Tutorial: Using PySpark and the MapR Sandbox
by Justin Brandenburg
PySpark is a Spark API that allows you to interact with Spark through the Python shell. If you have a Python programming background, this is an excellent way to get introduced to Spark data types and parallel programming. PySpark is a particularly flexible tool for exploratory big data analysis because it integrates with the rest of the Python data analysis ecosystem, including pandas (DataFrames), NumPy (arrays), and Matplotlib (visualization). In this blog post, you'll get some hands-on experience using PySpark and the MapR Sandbox.
Example: Using Clustering on Cyber Network Data to Identify Anomalous Behavior
Unsupervised learning is an area of data analysis that is exploratory. These methods are used to learn about the structure and behavior of the data. Keep in mind that these methods are not used to predict or classify, but rather to interpret and understand.

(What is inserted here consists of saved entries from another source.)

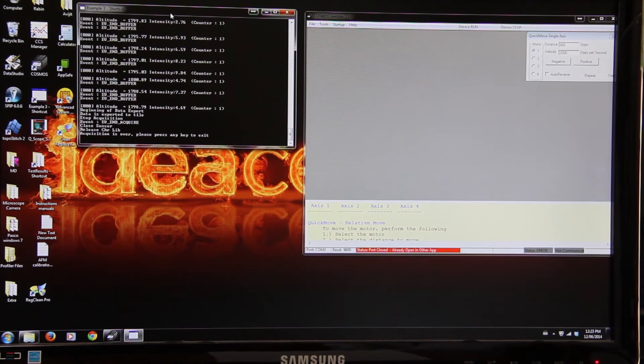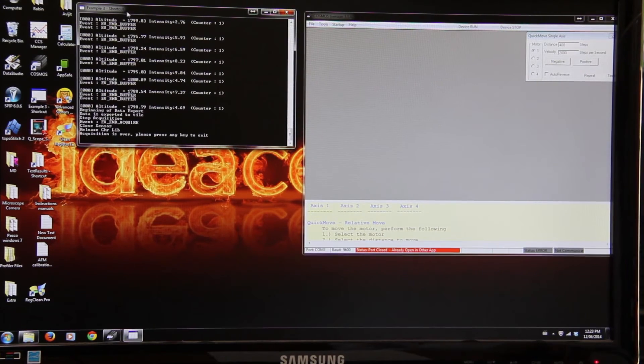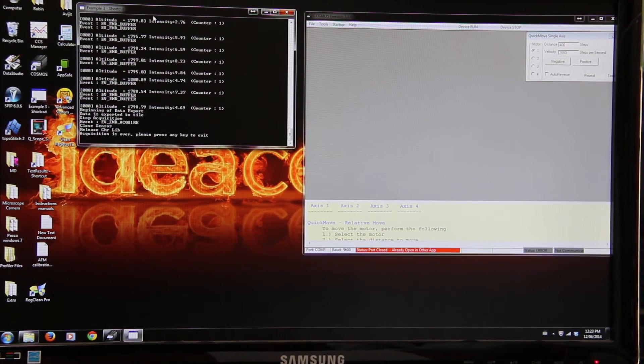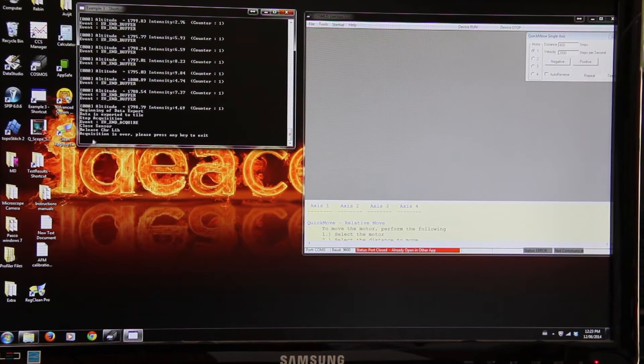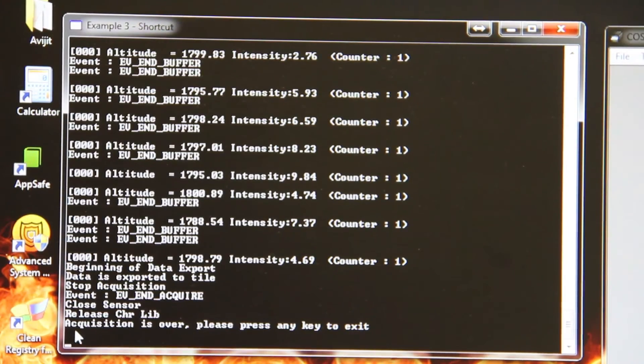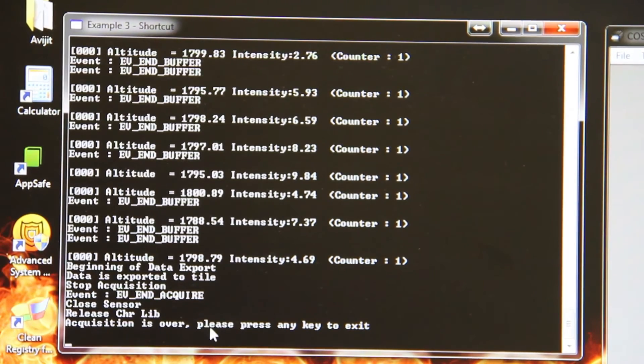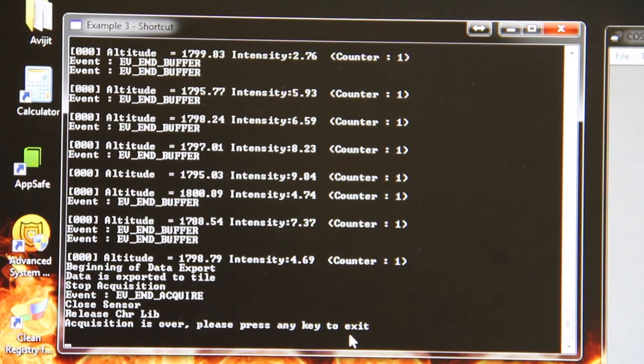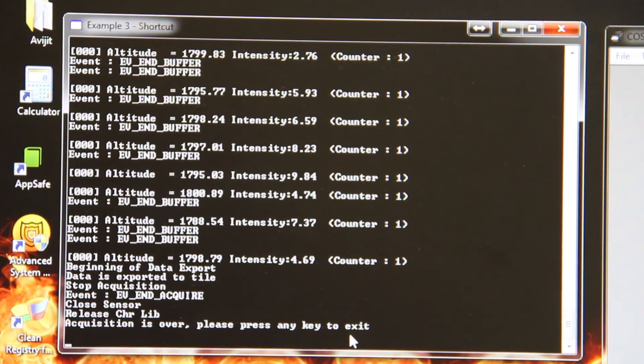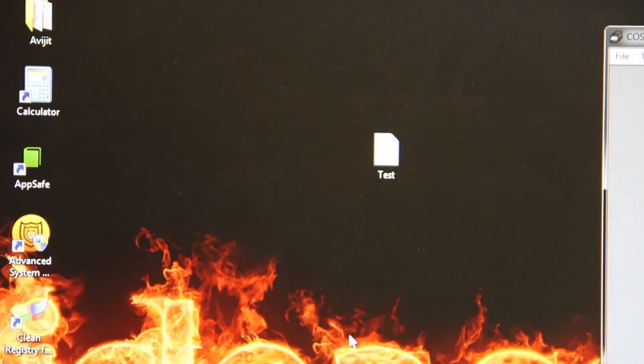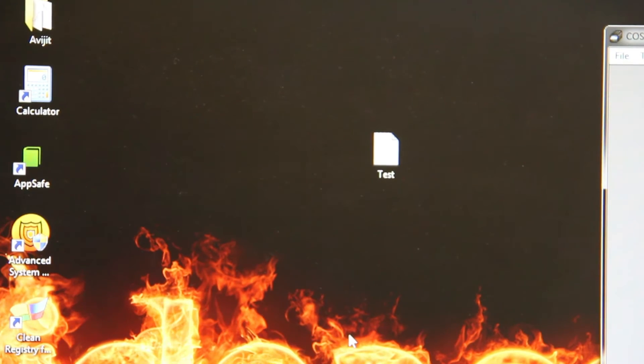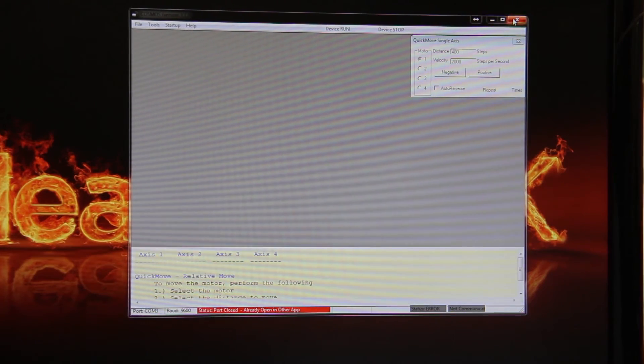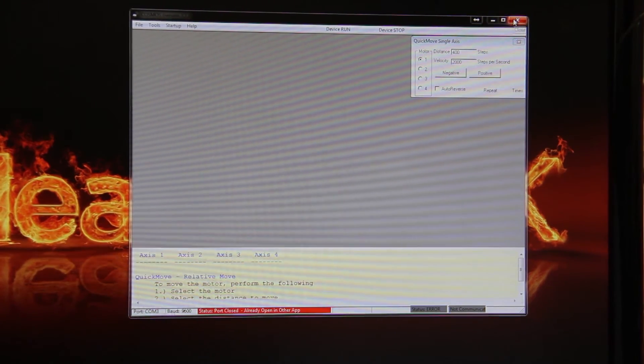After the test has been done, you can see in the example 3 shortcut acquisition is over. Please press any key to exit. Close the example 3 shortcut. Close Cosmos from desktop.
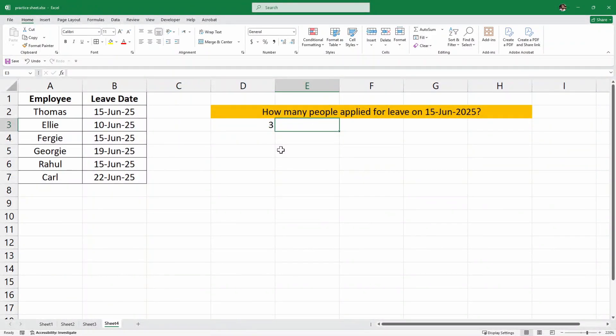That will be enough for this video. You can download this practice sheet from the link in the description below. Make sure to like this video, share it with your friends, and I will see you in the next one.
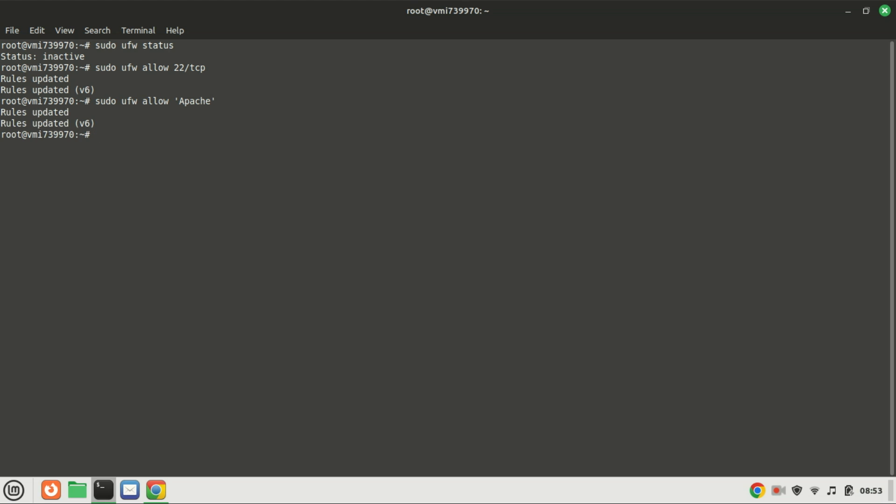UFW comes with several application profiles pre-configured. The Apache profile allows traffic on port 80, which is used for HTTP web traffic. If you want to also allow HTTPS traffic port 443, add the word FULL in capital letters after Apache.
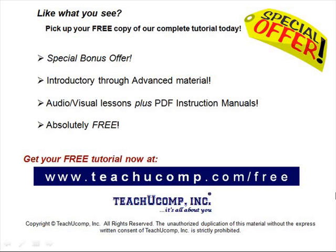Like what you see? Pick up your free copy of the complete tutorial at www.teachucomp.com/free.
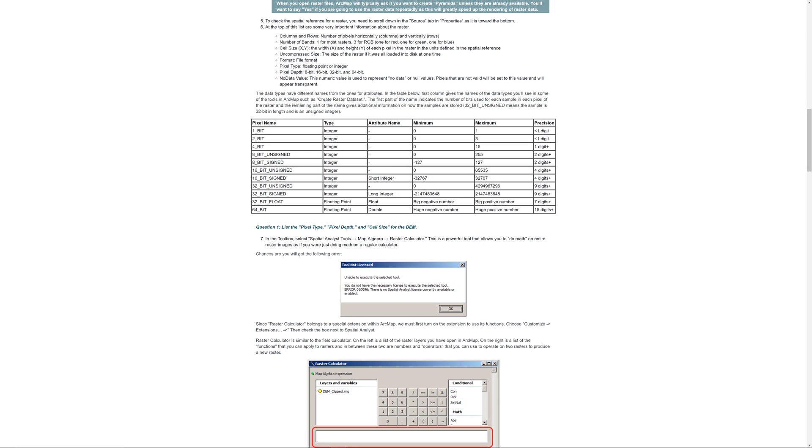In the previous video, I showed you how to set up your workspace. In this video, I will show you how to use the raster calculator to model elevation at or below sea level.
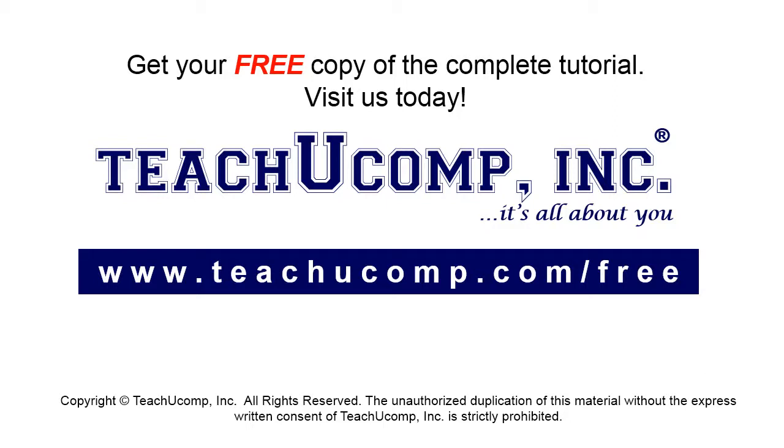Get your free copy of the complete tutorial at www.teachucomp.com forward slash free.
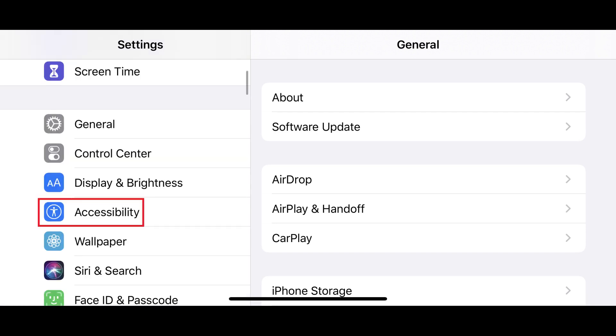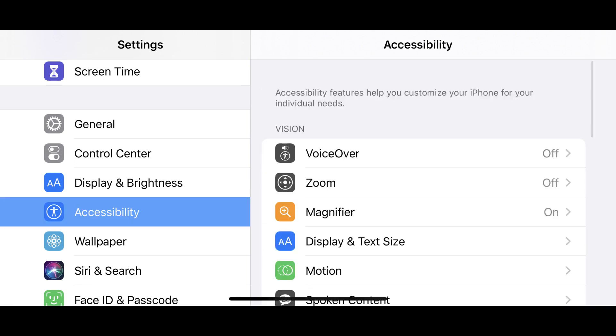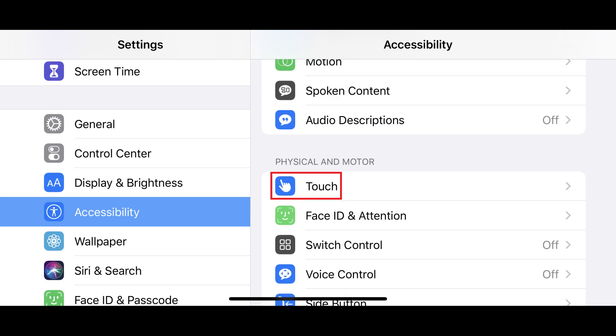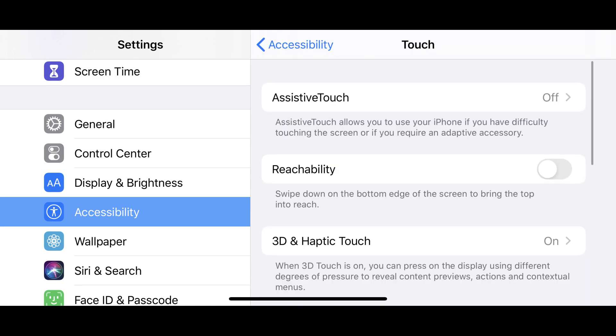Then tap Accessibility in the Settings menu. The Accessibility screen is displayed. Step 2: Tap Touch in the Physical and Motor section. The Touch menu is shown.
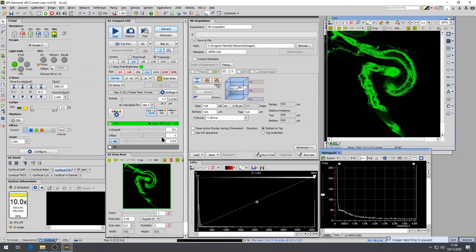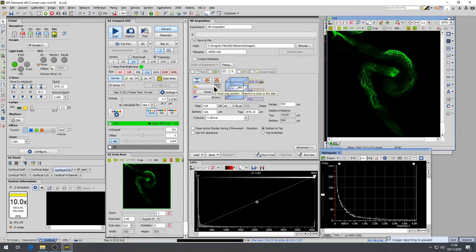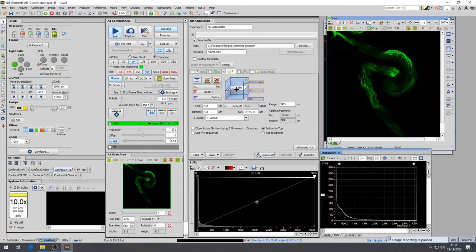Adjust the Z-Focus until the image is barely visible, and mark this position by selecting Top in the Z-Stack panel. If you are not sure which way you are going up or down, you can look at the LCD panel on the microscope as the Z-Position is displayed.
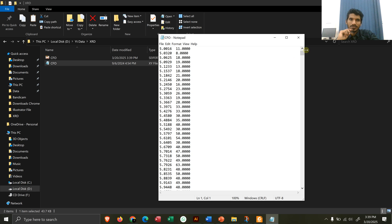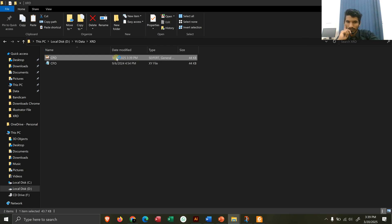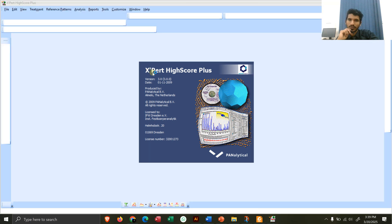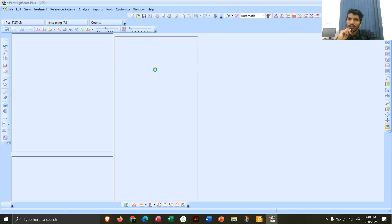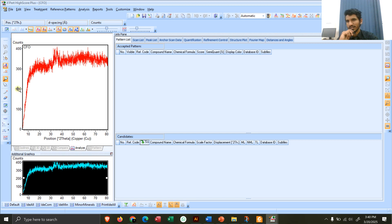After clicking Save, you can see we have another file — this is the HighScore Plus file. Double-click to open it. As you can see, the file has been opened in HighScore Plus. Here is your XRD pattern, here is the intensity, and here are the two-theta values.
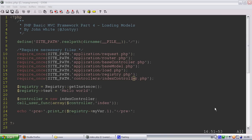Hi, welcome back to creating a basic MVC framework in PHP. So this is episode 4 and we're going to load models. I know I said in the previous episode that in episode 4 we'd load models and views, but I think it'll be better if we split them up so episode 5 we'll load views. So let's get started.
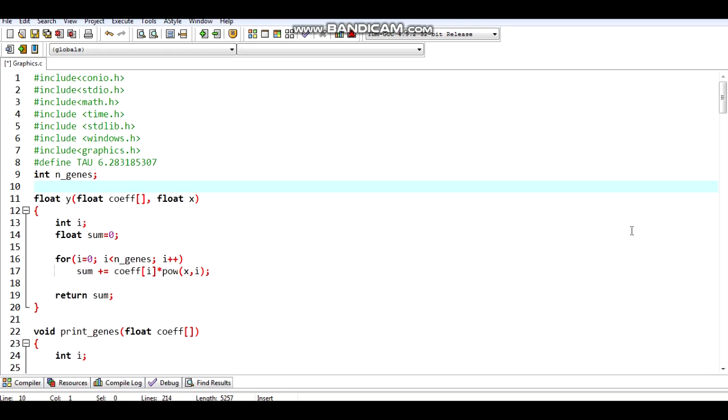Hello everyone, today I will use a genetic algorithm to approximate the sine curve using a polynomial equation.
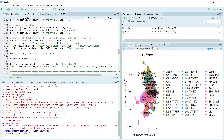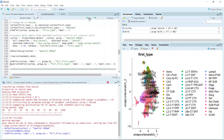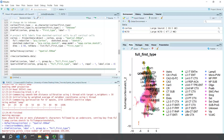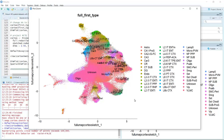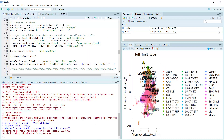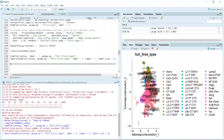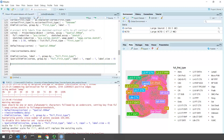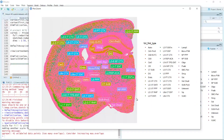Now we can use the dimplot plus the group_by function for the full first cell type to see the UMAP for the cell types in the full dataset. Let's zoom in — you can see now we have the cell type labeling for the full dataset, showing the cell clusters in the UMAP. We can also use the spatial dimplot function to see the cell types on the brain tissue. Let's run the spatial dimplot. You can see now we can see the cell types on the image.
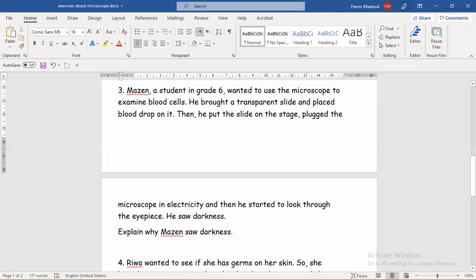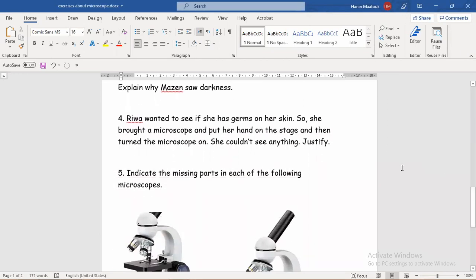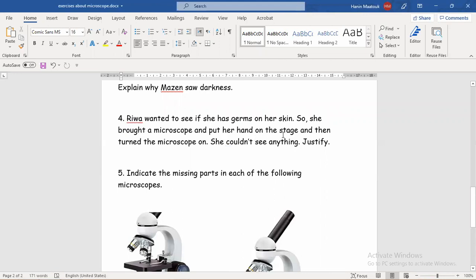Let's move to the fourth question. Rewa wanted to see if she has germs on her skin — whether her skin is clean or dirty and has germs or not. Germs are microorganisms, so tiny that we cannot see them with our eyes. So she brought a microscope and put her hand directly on the stage, then turned the microscope on. We have light on the microscope and it's turned on, and we have the object to be studied — the skin — but the surprise is she couldn't see anything.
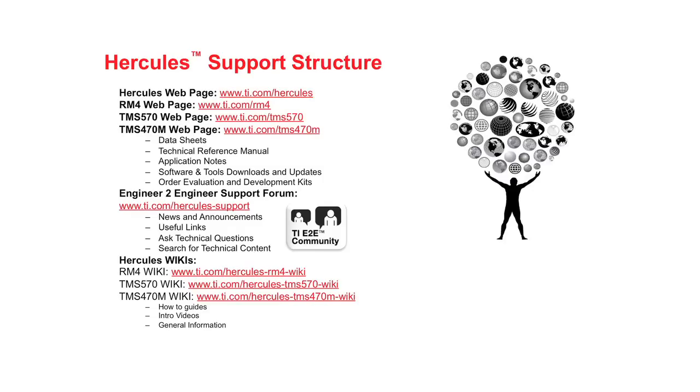The final web-based resource is Hercules wikis. These sites feature how-to guides, introduction videos, and general information about Hercules MCUs. The wikis also contain useful information like development kit board schematics and training content.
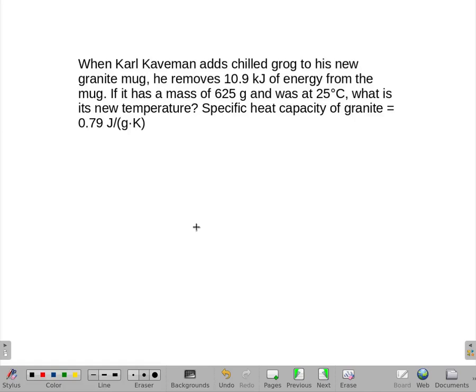When Carl Caveman adds chilled grog to his new granite mug, he removes 10.9 kilojoules of energy from the mug. If it has a mass of 625 grams and was at 25 degrees Celsius, what is its new temperature?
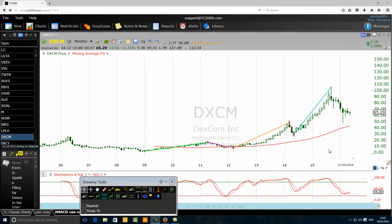Today we are looking at how to combine the moving average 50 and wave analysis like a pro. We are on the monthly chart of Dexcom Incorporated, ticker DXCM, which is a Russell 1000 component.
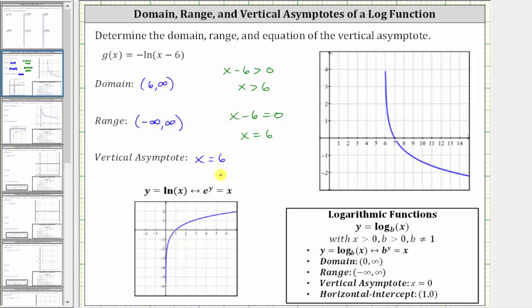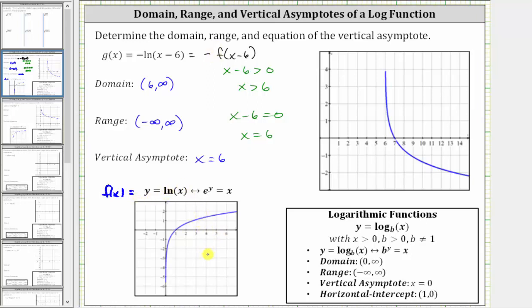Now let's review these results graphically. One way to graph g of x is to recognize that it is a transformation of the basic natural log function. If we let the basic natural log function be f of x, then g of x equals the opposite of f of the quantity x minus six. The negative sign reflects the graph across the x-axis, and the input of x minus six shifts the graph right six units. Let's verify this with an animation.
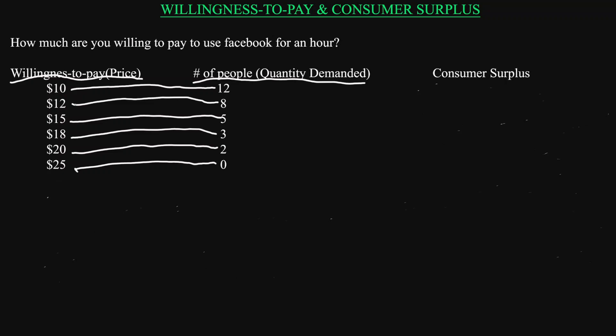So what is this willingness to pay? Willingness to pay is the maximum amount that they are willing to pay to use Facebook for one hour. This is also called the marginal benefit of using Facebook for one hour. So for these 12 folks, the marginal benefit is equal to $10.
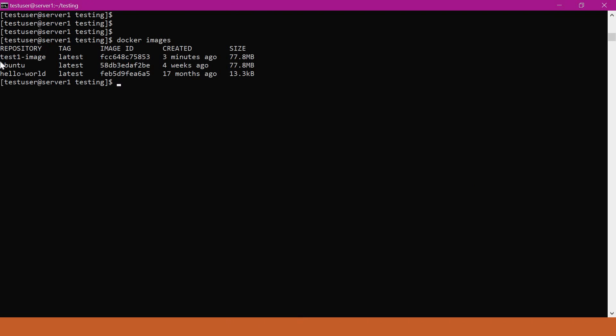Let us save this image as a tar file. For that, we can use docker save command. I will give test1 image. Now we have to provide the name of the tar file. I will give test1-image.tar. Now it has saved this tar file.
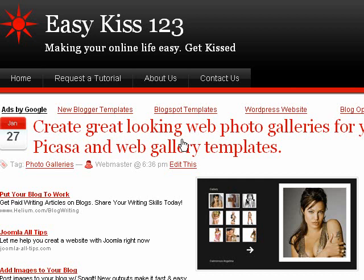Hi, this is an Easy Kiss 123 tutorial and today we're going to set up a web gallery. I'm going to show you how to use Picasa and create a web gallery for your website in literally seconds.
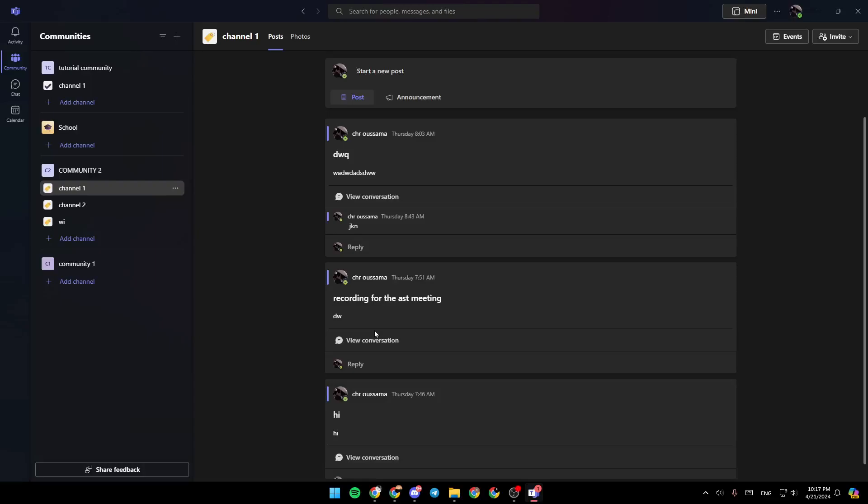Hello everyone, and welcome back to a new video. In this video, I'm going to show you how you can delete your messages in Microsoft Teams. So if you want to learn how to do it, just follow the steps that I'm going to show you.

Clustering is a popular unsupervised learning method where the algorithm attempts to identify natural groups within the data. K-means is the most widely used clustering algorithm where “k” is the number of groups that the data falls into. In k-means, k is assigned by the analyst, and choosing the value of k is where the interpretation of the data comes into play.
In this example, we will be using a dataset from an annual data mining competition, The KDD Cup (http://www.sigkdd.org/kddcup/index.php). One year (1999), the topic was network intrusion and the data set is still available (http://kdd.ics.uci.edu/databases/kddcup99/kddcup99.html). The data set will be the kddcup.data.gz file and consists of 42 features and approximately 4.9 million rows.
Using clustering on cyber network data to identify anomalous behavior is a common utilization of unsupervised learning. The sheer amount of data collected makes it impossible to go through each log or event to properly determine if that network event was normal or anomalous. Intrusion Detection Systems (IDS) and Intrusion Prevention Systems (IPS) are often the only applications networks have to filter this data, and the filter is often assigned based on anomalous signatures that can take time to be updated. Before the update occurs, it is valuable to have analysis techniques to check your network data for recent anomalous activity.
K-means is also used in analysis of social media data, financial transactions, and demographics. For example, you can use clustering analysis to identify groups of Twitter users who Tweet from specific geographic regions using their latitude, longitude, and sentiment scores.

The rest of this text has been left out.